As to Florence, the flood of English is the worst water of all in the argument—and then Dr Chambers “warned me off” Florence, as being too cold for the winter. It would be as well not to begin by being ill,—& half I am afraid of Ravenna—though Ravenna may not be cold, & though Shelley may belie it altogether. “A miserable place” he calls it in the Letters. [6] Still I observe that his first impressions are apt to be darker than remain. For instance, he began by hating Pisa, & preferred it to most places, afterwards. There is Pisa by the way!– Or your Sorrento .. Salerno .. Amalfi .. you shall consider if you please—find a new place if you like.

It is my last letter perhaps till I see you. May God bless you, I lift up my heart to say. How happy I ought to be, .. & am, .. with your thoughts all round me, so, as you describe! Let them call me your very own

Ba.

Address: Robert Browning Esqre / New Cross / Hatcham / Surrey.

Postmarks: T PAID 19JU19 1846; 1AN1 JU19 1846 E.

Dockets, in RB’s hand: 202.; + Saturday, June 20. / 3–5¾. 5.m. p.m. (72.) [sic, for 73].

Publication: RB-EBB, pp. 799–800.

Manuscript: Wellesley College.

1. Date provided by postmark.

2. To visit her family, as EBB indicates in August 1851 in a letter to Julia Martin (LEBB, II, 17).

3. Presumably an allusion to Belgium’s independence from the Netherlands in 1830, possibly suggested by recent political events in Belgium, including a congress in Brussels of delegates from various Liberal organizations in Belgium on 14 June 1846, which was in response to the conservative Catholic ministry formed by the King earlier that year.

4. “To him.”

5. Bracketed passage is interpolated above the line.

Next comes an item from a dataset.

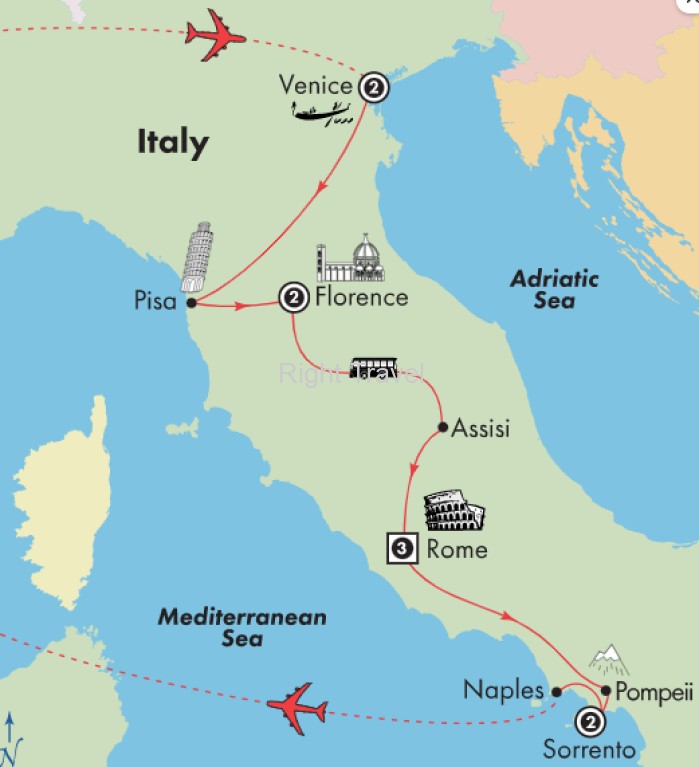 11 Day Affordable Italy with Sorrento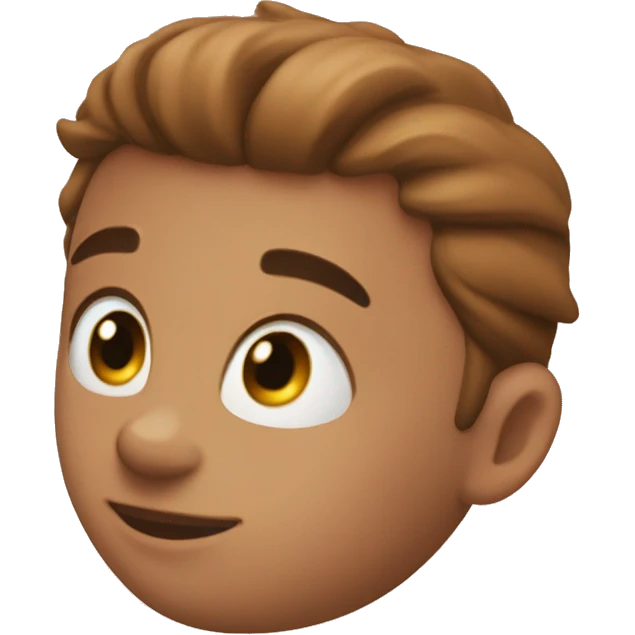 🧑🏼‍🦱 with hazel eyes emoji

6. In a letter to Mary Shelley from Ravenna, dated 9 August 1821, Shelley wrote: “Ravenna is a miserable place; the people are barbarous & wild, and their language the most infernal patois that you can imagine” (Essays, Letters from Abroad, Translations and Fragments, ed. Mrs. Shelley, 1840, II, 311). EBB’s copy of this work sold as lot 1089 in Browning Collections (see Reconstruction, A2102).